Cuando los padres hablan de este tema, suele haber acuerdo general en cuanto a que los quehaceres son buenos para los hijos. Pero cuando llega el reto práctico de que ellos realmente trabajen en el hogar, muchos levantan las manos con frustración: ¿Por qué yo? Muchos quehaceres se hacen más rápidamente si los padres se ocupan de ellos directamente en vez de tener que explicarles a sus hijos y luego vigilar que se hagan debidamente. Pero entonces los padres pierden la oportunidad de enseñarles a sus hijos el valor del trabajo. El libro de los Proverbios está repleto de exhortaciones acerca del trabajo: “El alma del perezoso desea y nada alcanza; mas el alma de los diligentes será prosperada” (Proverbios 13:4); “El que recoge en el verano es hombre entendido; el que duerme en el tiempo de la siega es hijo que avergüenza” (Proverbios 10:5); “¿Has visto hombre solícito en su trabajo? Delante de los reyes estará; no estará delante de los de baja condición” (Proverbios 22:29). Cuando los hijos ven un buen ejemplo y se les enseña a emularlo, estarán aprendiendo una lección sobre el trabajo que les servirá toda la vida.

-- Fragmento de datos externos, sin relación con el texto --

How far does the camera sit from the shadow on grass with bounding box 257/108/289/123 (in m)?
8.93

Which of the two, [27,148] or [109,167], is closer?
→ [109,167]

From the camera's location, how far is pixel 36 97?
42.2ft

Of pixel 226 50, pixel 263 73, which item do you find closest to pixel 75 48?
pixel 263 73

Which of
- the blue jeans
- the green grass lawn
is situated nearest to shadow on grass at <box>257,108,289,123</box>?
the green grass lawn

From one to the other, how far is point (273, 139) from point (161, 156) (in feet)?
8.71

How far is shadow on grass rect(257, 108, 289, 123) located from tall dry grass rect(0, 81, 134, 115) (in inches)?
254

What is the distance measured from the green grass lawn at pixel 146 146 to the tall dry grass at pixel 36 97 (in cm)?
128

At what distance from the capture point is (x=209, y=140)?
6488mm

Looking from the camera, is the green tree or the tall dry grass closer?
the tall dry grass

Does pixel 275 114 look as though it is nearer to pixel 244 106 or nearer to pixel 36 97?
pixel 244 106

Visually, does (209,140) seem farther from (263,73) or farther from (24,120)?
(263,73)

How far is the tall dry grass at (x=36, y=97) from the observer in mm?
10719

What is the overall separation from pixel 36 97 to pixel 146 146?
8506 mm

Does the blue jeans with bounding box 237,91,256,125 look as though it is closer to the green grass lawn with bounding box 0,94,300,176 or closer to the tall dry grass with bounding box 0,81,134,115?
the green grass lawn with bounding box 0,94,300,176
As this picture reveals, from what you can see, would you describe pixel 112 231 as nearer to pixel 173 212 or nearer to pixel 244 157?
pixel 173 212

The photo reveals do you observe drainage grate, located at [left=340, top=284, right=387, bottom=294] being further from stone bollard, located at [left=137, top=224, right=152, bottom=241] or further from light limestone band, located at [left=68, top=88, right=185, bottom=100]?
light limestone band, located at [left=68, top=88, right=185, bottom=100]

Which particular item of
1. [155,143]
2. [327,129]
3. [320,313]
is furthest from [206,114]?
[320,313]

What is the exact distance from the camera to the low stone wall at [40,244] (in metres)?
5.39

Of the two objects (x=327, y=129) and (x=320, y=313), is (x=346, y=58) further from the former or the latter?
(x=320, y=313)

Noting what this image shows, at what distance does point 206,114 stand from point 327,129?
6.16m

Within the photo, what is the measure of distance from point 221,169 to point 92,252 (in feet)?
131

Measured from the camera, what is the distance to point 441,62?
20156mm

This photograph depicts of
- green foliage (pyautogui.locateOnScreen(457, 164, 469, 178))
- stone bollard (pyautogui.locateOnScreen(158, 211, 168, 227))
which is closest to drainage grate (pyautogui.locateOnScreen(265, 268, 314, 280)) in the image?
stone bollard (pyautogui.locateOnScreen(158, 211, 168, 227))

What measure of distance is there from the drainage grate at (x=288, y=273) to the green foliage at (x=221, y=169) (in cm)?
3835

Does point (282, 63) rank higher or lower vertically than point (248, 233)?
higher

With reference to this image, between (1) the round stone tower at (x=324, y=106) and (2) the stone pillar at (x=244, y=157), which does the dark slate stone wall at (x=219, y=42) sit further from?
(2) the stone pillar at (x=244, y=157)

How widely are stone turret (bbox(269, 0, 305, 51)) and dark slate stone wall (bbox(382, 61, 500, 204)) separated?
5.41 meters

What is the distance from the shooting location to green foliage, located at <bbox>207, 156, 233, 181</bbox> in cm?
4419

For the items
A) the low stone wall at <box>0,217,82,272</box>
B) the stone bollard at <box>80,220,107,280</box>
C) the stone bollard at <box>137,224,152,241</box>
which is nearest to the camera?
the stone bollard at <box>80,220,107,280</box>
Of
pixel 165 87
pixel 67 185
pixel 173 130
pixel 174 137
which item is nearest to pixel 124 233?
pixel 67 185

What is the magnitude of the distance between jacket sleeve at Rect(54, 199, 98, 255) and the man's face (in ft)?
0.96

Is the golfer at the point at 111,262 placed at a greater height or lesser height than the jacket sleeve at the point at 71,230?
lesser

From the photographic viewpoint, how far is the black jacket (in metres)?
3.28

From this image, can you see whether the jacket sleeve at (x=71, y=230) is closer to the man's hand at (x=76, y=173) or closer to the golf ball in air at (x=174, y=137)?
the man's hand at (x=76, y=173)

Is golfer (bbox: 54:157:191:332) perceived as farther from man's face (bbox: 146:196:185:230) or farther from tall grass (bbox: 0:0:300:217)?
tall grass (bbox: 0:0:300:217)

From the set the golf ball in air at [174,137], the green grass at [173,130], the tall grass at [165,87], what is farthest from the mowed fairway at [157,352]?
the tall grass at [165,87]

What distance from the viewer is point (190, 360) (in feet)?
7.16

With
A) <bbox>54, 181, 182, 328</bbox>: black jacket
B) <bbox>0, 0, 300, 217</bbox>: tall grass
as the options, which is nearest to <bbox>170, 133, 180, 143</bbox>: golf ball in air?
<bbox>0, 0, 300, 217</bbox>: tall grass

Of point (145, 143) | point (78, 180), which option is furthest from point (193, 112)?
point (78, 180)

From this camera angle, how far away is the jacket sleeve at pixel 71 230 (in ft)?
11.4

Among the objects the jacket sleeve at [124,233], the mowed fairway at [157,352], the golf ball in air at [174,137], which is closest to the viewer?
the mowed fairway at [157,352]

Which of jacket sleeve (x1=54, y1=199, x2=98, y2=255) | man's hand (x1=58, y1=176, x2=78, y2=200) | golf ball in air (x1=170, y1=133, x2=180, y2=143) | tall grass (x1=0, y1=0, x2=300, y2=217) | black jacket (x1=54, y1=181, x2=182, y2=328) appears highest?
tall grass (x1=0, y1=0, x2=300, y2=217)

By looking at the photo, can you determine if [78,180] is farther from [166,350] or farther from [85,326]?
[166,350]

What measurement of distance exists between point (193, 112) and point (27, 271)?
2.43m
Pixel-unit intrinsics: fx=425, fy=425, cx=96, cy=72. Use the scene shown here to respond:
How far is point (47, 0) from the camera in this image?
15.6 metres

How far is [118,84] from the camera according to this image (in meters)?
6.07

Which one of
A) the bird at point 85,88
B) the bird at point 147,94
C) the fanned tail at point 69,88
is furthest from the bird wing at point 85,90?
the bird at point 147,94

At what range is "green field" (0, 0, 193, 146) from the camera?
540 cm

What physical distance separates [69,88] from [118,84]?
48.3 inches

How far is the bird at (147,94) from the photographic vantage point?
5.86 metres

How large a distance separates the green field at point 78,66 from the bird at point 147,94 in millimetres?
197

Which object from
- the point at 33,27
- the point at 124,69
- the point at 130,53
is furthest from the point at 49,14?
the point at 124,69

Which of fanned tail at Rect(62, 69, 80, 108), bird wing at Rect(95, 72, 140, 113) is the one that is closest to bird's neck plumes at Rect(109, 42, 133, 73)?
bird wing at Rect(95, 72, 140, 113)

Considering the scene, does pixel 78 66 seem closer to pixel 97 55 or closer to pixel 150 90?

Ciertos padres consideran que sus hijos harían mejor uso de su tiempo dedicándolo a los estudios, deportes y lecciones de música. Quizá les digan, incluso, que su trabajo es estudiar. El colegio sí es importante y también lo son sus actividades. Pero la labor de mantener limpia la casa y de llevar a cabo todos los quehaceres familiares no desaparece. Cuando los padres se encargan de todo este trabajo y excluyen de ellos a los hijos, dejan pasar una oportunidad para enseñarles el valor de lo que reciben. Los chicos tienen comida, techo y una cama abrigada gracias a los esfuerzos de sus padres. Enterarse del esfuerzo que se hace en la preparación de las comidas y en el aseo y mantenimiento de la casa, constituye una preparación invaluable para que se abran paso en la vida como adultos. No solo aprenden a apreciar lo que tienen, sino que adquieren habilidad y competencia que los preparan a cuidar de sí mismos y de su familia en el futuro. Esto se produce cuando los padres los incluyen como miembros en el esfuerzo de mantener y edificar un hogar. Al incluirlos, estamos obedeciendo Proverbios 22:6: “Instruye al niño en su camino y aun cuando fuere viejo no se apartará de él”.

Cuando trabajamos con nuestros hijos y les exigimos que trabajen, estamos enseñándoles a ser industriosos y responsables y a disfrutar de una labor bien hecha. Estamos enseñándoles el imperativo del trabajo, tal como Pablo lo enseñó a la Iglesia en Tesalónica, cuando escribió: “Si alguno no quiere trabajar, tampoco coma” (2 Tesalonicenses 3:10).

¿Qué pueden hacer los hijos? Eso depende de cada hogar, pero pregúntese: “¿Es esta una tarea que podría enseñarles a mis hijos a realizar? ¿O no estamos dispuestos a delegarla porque es más fácil hacerla nosotros mismos?” El aseo, preparar y cocinar los alimentos, el trabajo en el jardín, arreglos y mejoras en la casa, lavado de ropa y del carro, los mandados, la huerta… la lista es interminable.

Como padres, tenemos la obligación de enseñar a nuestros hijos la importancia y el valor del trabajo. ¿Qué mejor lugar para enseñar que en el propio hogar? Usted probablemente no tenga una vaca, pero sí tiene muchos quehaceres, muchas tareas que es preciso cumplir para asegurar el bienestar de la familia. ¡Compártalas con sus hijos!